COLLECTED DATA:
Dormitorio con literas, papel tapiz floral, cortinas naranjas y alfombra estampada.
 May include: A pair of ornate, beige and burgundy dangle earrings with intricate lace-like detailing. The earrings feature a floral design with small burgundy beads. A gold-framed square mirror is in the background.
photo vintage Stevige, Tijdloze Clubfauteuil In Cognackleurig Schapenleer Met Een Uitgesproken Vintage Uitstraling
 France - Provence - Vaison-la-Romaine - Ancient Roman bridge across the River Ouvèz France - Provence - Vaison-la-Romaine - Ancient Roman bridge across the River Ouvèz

WORK TO COMPLETE: The listing above has to be written out again in full, exactly as shown.

EXERCISE ANSWER:
Dormitorio con literas, papel tapiz floral, cortinas naranjas y alfombra estampada.
 May include: A pair of ornate, beige and burgundy dangle earrings with intricate lace-like detailing. The earrings feature a floral design with small burgundy beads. A gold-framed square mirror is in the background.
photo vintage Stevige, Tijdloze Clubfauteuil In Cognackleurig Schapenleer Met Een Uitgesproken Vintage Uitstraling
 France - Provence - Vaison-la-Romaine - Ancient Roman bridge across the River Ouvèz France - Provence - Vaison-la-Romaine - Ancient Roman bridge across the River Ouvèz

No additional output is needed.